Наступила тишина. Неожиданно с места поднялся Геринг.
— Мой фюрер, я дам вам сто тысяч летчиков! Поднялся и Дениц.
— Я могу дать двести пятьдесят тысяч матросов с моих кораблей.
Гиммлер не мог остаться безучастным. Он вскочил и крикнул с энтузиазмом:
— Я дам пятнадцать тысяч!
— Ну вот, — заметил Гитлер, — вот вам и ваши люди.
Хейнрици резко заметил, что воевать просто имея «людей», он не может ему требуются организованные дивизии.
Но все еще воодушевленный ответами, Гитлер разрешил Хейнрици использовать 100 000 солдат из второго эшелона обороны.
— Они уничтожат русских, которым удастся прорваться!
Хейнрици начал было говорить о том, что введение в бой неопытных частей приведет к кровавой бойне, но тут кто-то наклонился и сказал: "Прекрати жаловаться. Мы и так уже два часа потратили на обсуждение".

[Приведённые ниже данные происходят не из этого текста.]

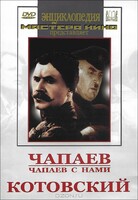 DVD художественный фильм "Чапаев. Чапаев с нами. Котовский" - fgospostavki.ru - Тюмень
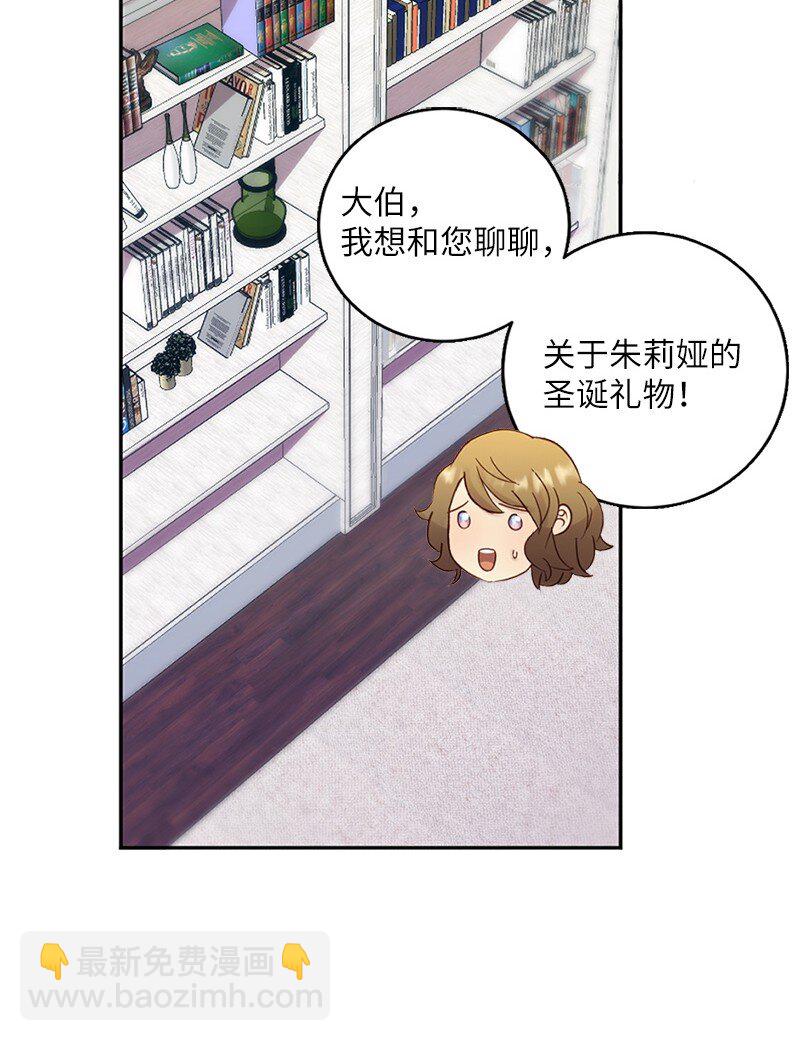 16 共进晚餐吗？(1/2)-第17话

Однако Хейнрици не успокаивался. Он сказал, что побывал в войсках на Одере с инспекционной поездкой и выяснил, что у большинства солдат не имеется никакого боевого опыта.
— Следовательно, я не могу дать гарантию, что они сдержат наступление русских. Отсутствие необходимых резервов значительно сокращает наши шансы на успешную оборону.
— Вам дали сто тысяч новых солдат, — спокойно сказал Гитлер. — Что касается обороны, то тут уж вы должны поддержать войска морально, вселить в них уверенность, и тогда битва будет выиграна.
Когда Хейнрици выходил из бункера, Гитлер находился в приподнятом настроении.
Однако сам Хейнрици был подавлен. Он потерял три дивизии, а взамен получил всего лишь шесть батальонов и 100 000 почти бесполезных необстрелянных бойцов. И ему по-прежнему предстояло удерживать Франкфурт.